Recorded data —
* * * * * * *
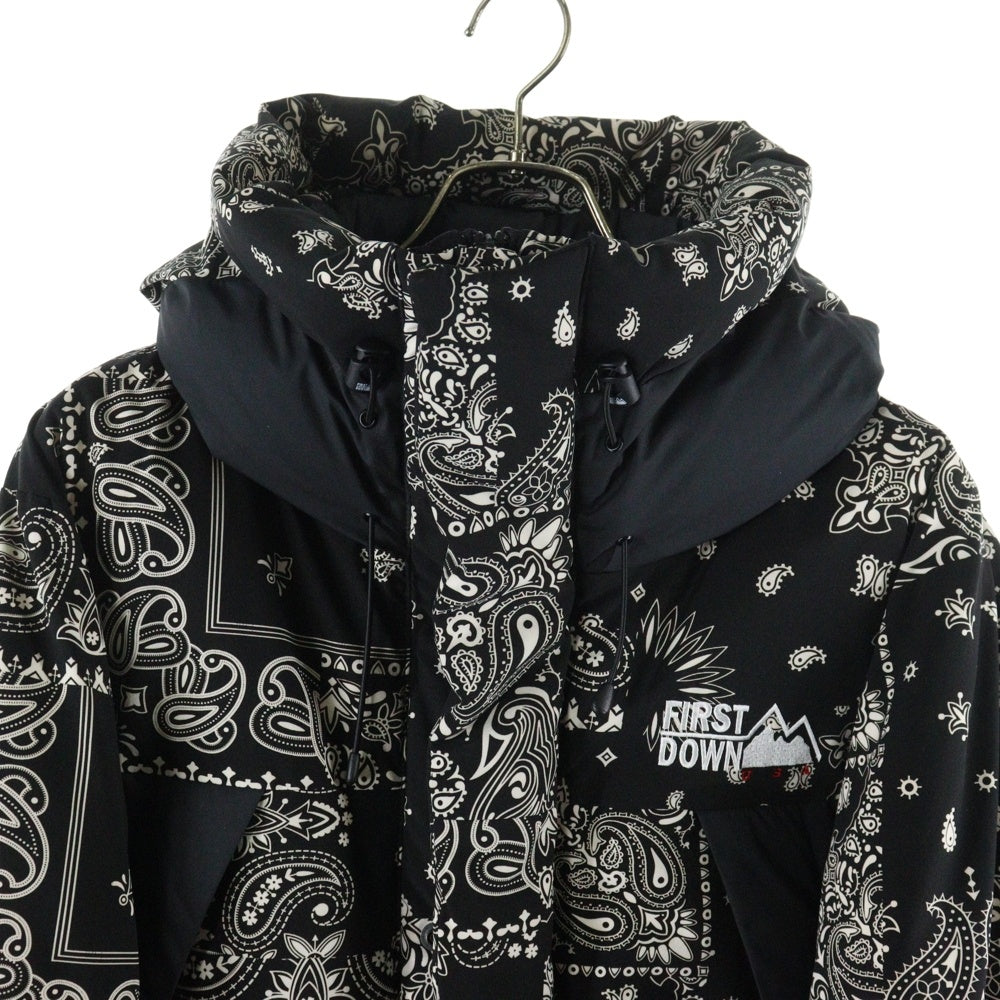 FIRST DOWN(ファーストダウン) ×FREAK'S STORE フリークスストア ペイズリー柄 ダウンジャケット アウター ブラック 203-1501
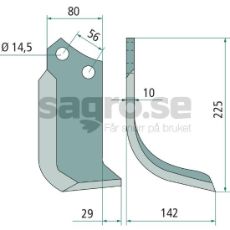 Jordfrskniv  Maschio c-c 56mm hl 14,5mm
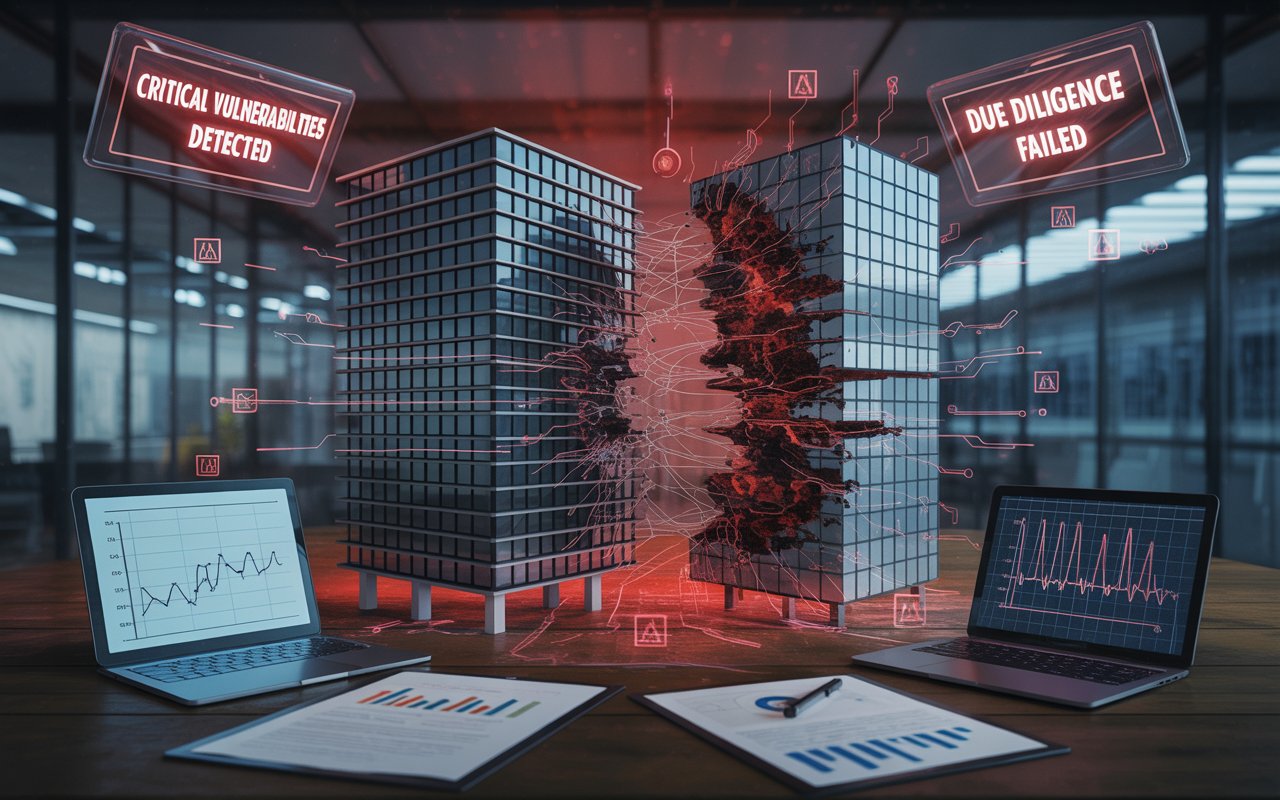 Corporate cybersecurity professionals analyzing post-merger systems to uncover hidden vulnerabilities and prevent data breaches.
* * * * * * *
What the task asks — Repeat the material above exactly; any picture in it is left out.

Output for this exercise —
 FIRST DOWN(ファーストダウン) ×FREAK'S STORE フリークスストア ペイズリー柄 ダウンジャケット アウター ブラック 203-1501
 Jordfrskniv  Maschio c-c 56mm hl 14,5mm
 Corporate cybersecurity professionals analyzing post-merger systems to uncover hidden vulnerabilities and prevent data breaches.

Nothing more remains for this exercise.